Another example. Let's say you have a database for a small social-sharing website. One of your tables keeps track of a post's "likes." It is not normalized. Its fields are: the post itself, the username that liked it, and the date/time they liked it. Let's say this website has been running a couple years, it has 20,000 users and you have 6 million records in this table. The website allows users to edit their posts, so whenever a post is edited, every record for that post in this table -- not to mention in every other table where the post is referenced -- has to be updated to reflect the new content. The website also allows users to change their username, so whenever any user changes their username, the database has to update every record in this table -- and every other table where their username is referenced -- to match their new username. Do either of these seem like a good idea? Or do they seem like major performance problems? Not only in speed of execution, but also in their impact on your data's integrity: if something about the query was mis-formed, either of these updates could easily compromise hundreds or thousands of records, damaging posts's like-counts and users's like-histories across your site. If, on the other hand, the "likes" table simply used the post's ID and user's ID, and there was a separate table called "posts" that kept track of the post's ID, content, etc., and a third table called "users" that kept track of the user's ID, username, etc., then whenever a post gets updated, or a user changes their username, only that single record in the "posts" or "users" table needs to be updated, and all relationships between all the data remain intact.

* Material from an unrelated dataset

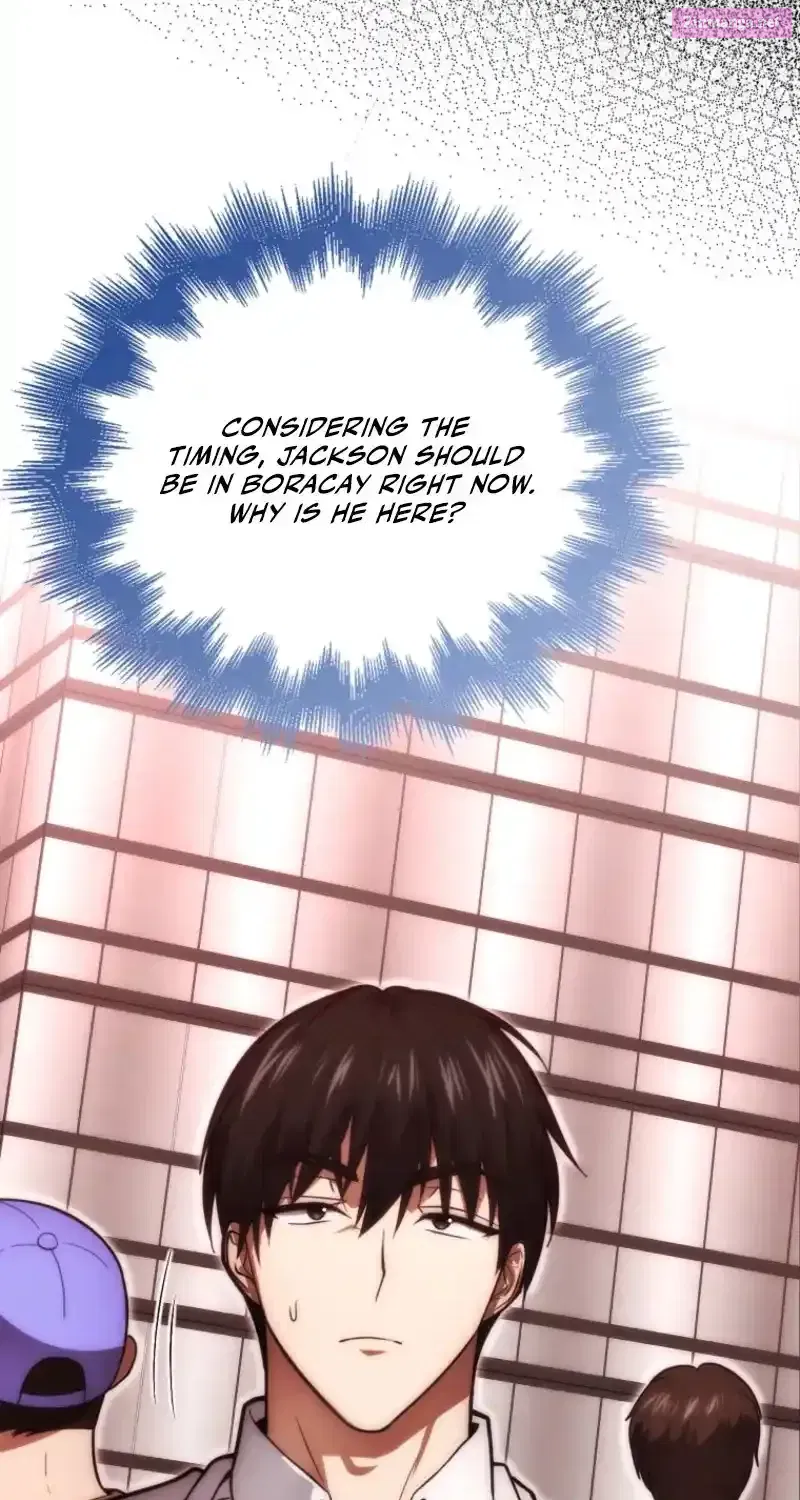 Read Maxed Talent Player chapter 85 image 5 on Lezhin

The more you can keep your types of data separate, and only use IDs and "mapping tables" to draw relationships between those types of data, the easier you'll be able to access and maintain all the data. It's easy to think, when you have 10 records in a starter database, that normalizing seems like overkill, but as you get more comfortable making database architecture decisions, always imagine how your plan would work if the table had 10 million records in it. (A whole lot of real-use databases do.)
Hope that helps you a little, let me know if you have any questions or thoughts.
Alex Flores
7,864 PointsAlex Flores
7,864 PointsEric, I really appreciate the detailed response. That was one of the best responses I think I've ever received and it was extremely helpful. I'm putting together my first database schema and it's much more difficult than I thought it was going to be.
I believe it's a pretty basic database. I'm storing customer information, customer product information and a email_queye table. I have about 15 tables right now and I'm tempted to just use one primary key (customer_id) in the main table and then just use that primary key in a reference in 12/15 other tables. To me it makes sense to use just one primary key to associate many of the other tables, but I'm hesitant to do this, because I've been looking at examples of other database models and I noticed that most of them don't do this. I'm wondering why this would be the case?